If both elements are crucial for achieving the biggest goals, does the Rotary club present opportunities to attain the former? The simple answer is yes, and here is how.
As the member rises up the leadership ladder in the club, they are inspired to gain the wisdom of Solomon and the patience of Job. And as they tick off the activities required to support their club’s goals and have meaningful impact in the community, they slowly develop a profound sense of compassion. There are numerous examples in history that demonstrate that an intimate sense of compassion is necessary to drive organizations or society at large to greater heights.
As in a chain reaction the attainment of deep-seated compassion leads to another important attribute — wellbeing. While interacting with other donors who are also intent on uplifting the underprivileged and advocating for equity in society, and as they spend time with the beneficiaries of their charity, a positive effect is created in their mental, physical and spiritual state.

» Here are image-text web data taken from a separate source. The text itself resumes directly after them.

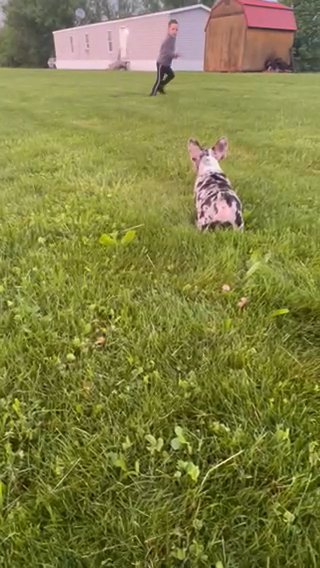 French Bulldog in Euclid, Ohio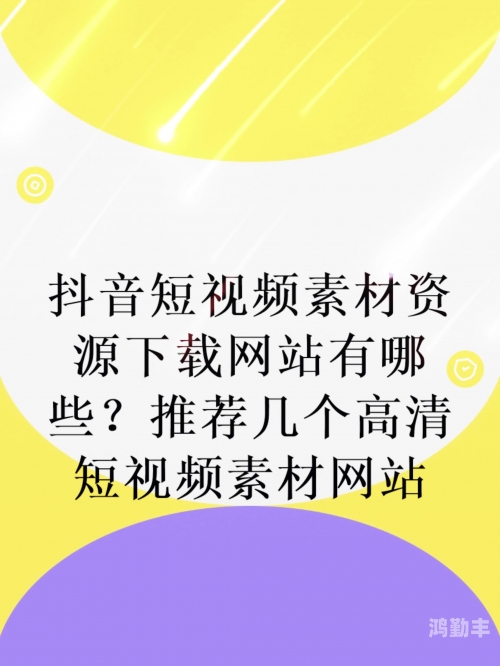 一个人看的免费高清www视频在线观看网站免费高清www视频在线观看的便捷体验-第2张图片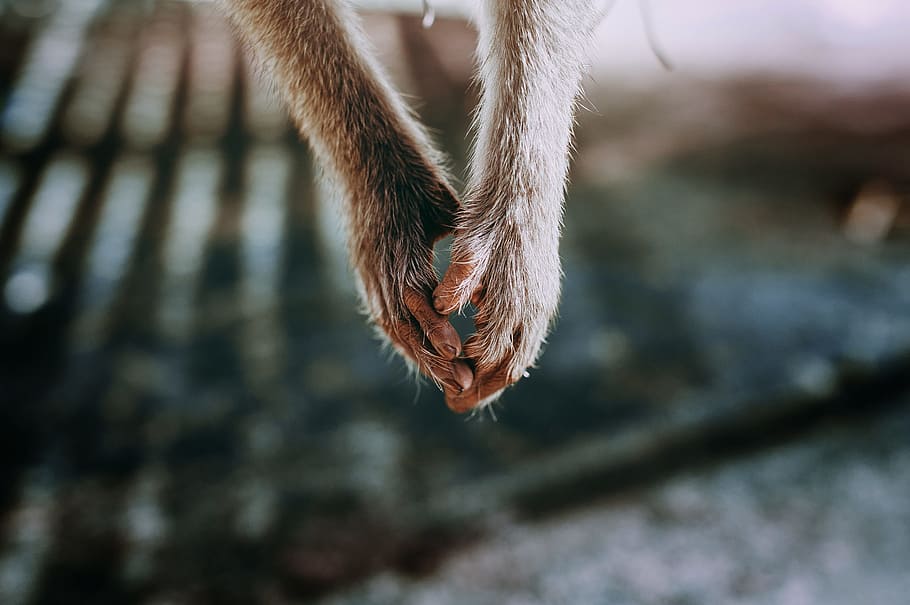 hold hand, monkey, lonely, animal body part, close-up, focus on foreground HD wallpaper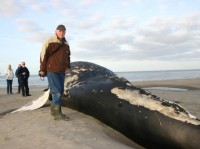 Oud-walvisvaarder Cor Gransbergen bij de bultrug / Bron: Persbureau Ameland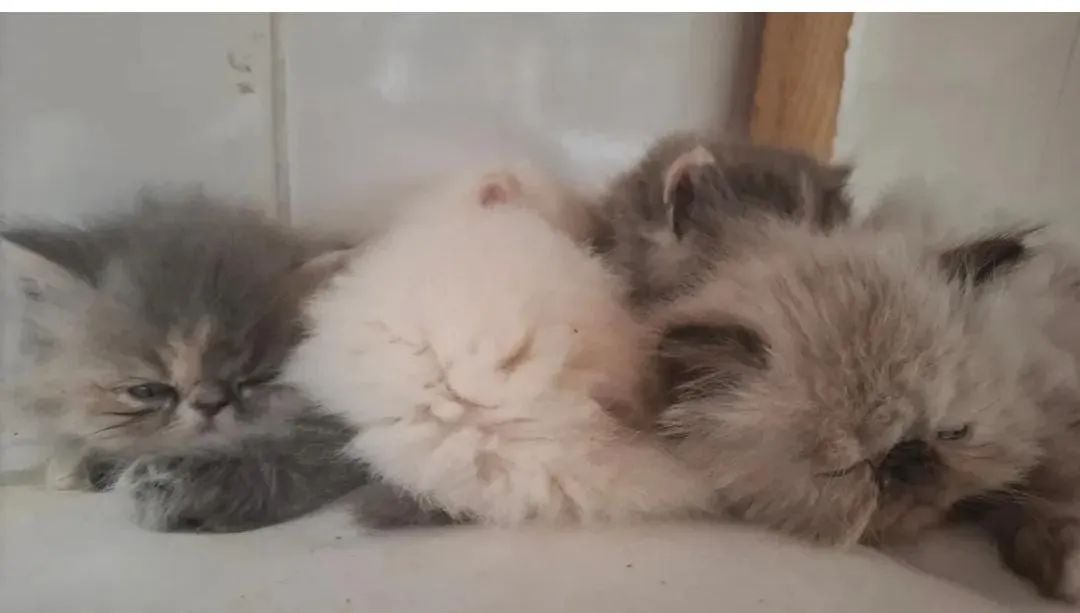 Vendo gato perça - Foto 2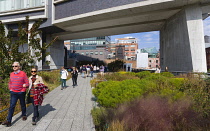 USA, New York, Manhattan, people walking in The Gansevoort Woodland on the High Line a linear park on an elevated disused railroad called the West Side Line. USA, New York State, New York City.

All of this leads to the most important factor of all. It is at the core of the person who wants to successfully climb the mountain of achievement and success, in their families, careers and any other goal they set for themselves. It is the solidifying of character, which is formed when an individual wages a war against their weaknesses and emerges with some measure of self-respect. Character is the foundation upon which men and women set audacious goals, cement their faith, harden their resolve, and layer life-changing experiences that result in a legacy of purpose and accomplishment.
Character is the single most important attribute in an individual who wants to be influential in society because it is the one that guarantees the others.
And so, we go back to the scene twenty years ago in a conference room full of advertising agency narcissists and prima donnas who expressed their desire to dip in their toes and try out this charity thing. Perhaps there is a chance for redemption after all.